Sebastian Raschka

I am really looking forward to your comments and suggestions to improve and extend this tutorial! Just send me a quick note
or Email: [email protected]

### Problem Category¶

• Statistical Pattern Recognition
• Supervised Learning
• Parametric Learning
• Bayes Decision Theory
• Univariate data
• 2-class problem
• different variances
• different priors
• Gaussian model (2 parameters)
• With conditional Risk (loss functions)

## Given information:¶

#### model: continuous univariate normal (Gaussian) model for the class-conditional densities¶

$p(x | \omega_j) \sim N(\mu|\sigma^2)$ $p(x | \omega_j) \sim \frac{1}{\sqrt{2\pi\sigma^2}} \exp{ \bigg[-\frac{1}{2}\bigg( \frac{x-\mu}{\sigma}\bigg)^2 \bigg] }$

#### Prior probabilities:¶

$P(\omega_1) = \frac{2}{3}, \quad P(\omega_2) = \frac{1}{3}$

#### Loss functions:¶

where

$\lambda(\alpha_i|\omega_j) = \lambda_{ij}$,

the loss occured if $action_i$ is taken if the actual true class is $\omega_j$ (assuming that $action_i$ classifies sample as $\omega_i$)

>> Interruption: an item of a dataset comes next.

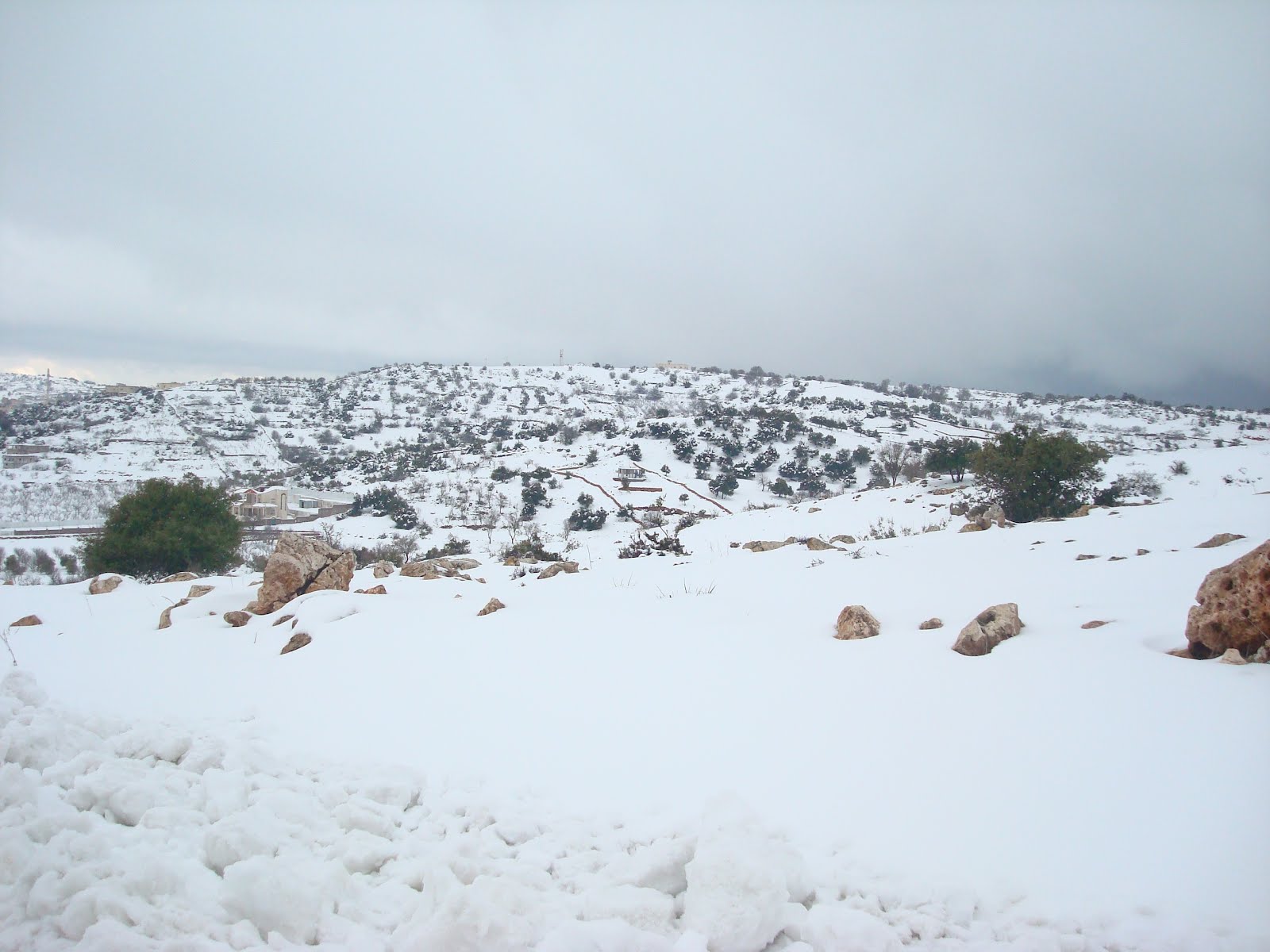 JORDAN snow in jordan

$$\lambda = \begin{pmatrix} \lambda_{11} \quad \lambda_{12} \\ \lambda_{21} \quad \lambda_{22} \end{pmatrix} = \begin{pmatrix} 0 \quad 1 \\ 2 \quad 0 \\ \end{pmatrix}\\$$

#### Variances of the sample distributions¶

$\sigma_1^2 = 0.25, \quad \sigma_2^2 = 0.04$

#### Means of the sample distributions¶

$\mu_1 = 2, \quad \mu_2 = 1.5$

## Deriving the decision boundary¶

### Bayes' Rule:¶

$P(\omega_j|x) = \frac{p(x|\omega_j) * P(\omega_j)}{p(x)}$

### Risk Functions:¶

$R(\alpha_1|x) = \lambda_{11}P(\omega_1|x) + \lambda_{12}P(\omega_2|x)$

$R(\alpha_2|x) = \lambda_{21}P(\omega_1|x) + \lambda_{22}P(\omega_2|x)$

### Decision Rule:¶

Decide $\omega_1$ if $R(\alpha_2|x) > R(\alpha_1|x)$ else decide $\omega_2$.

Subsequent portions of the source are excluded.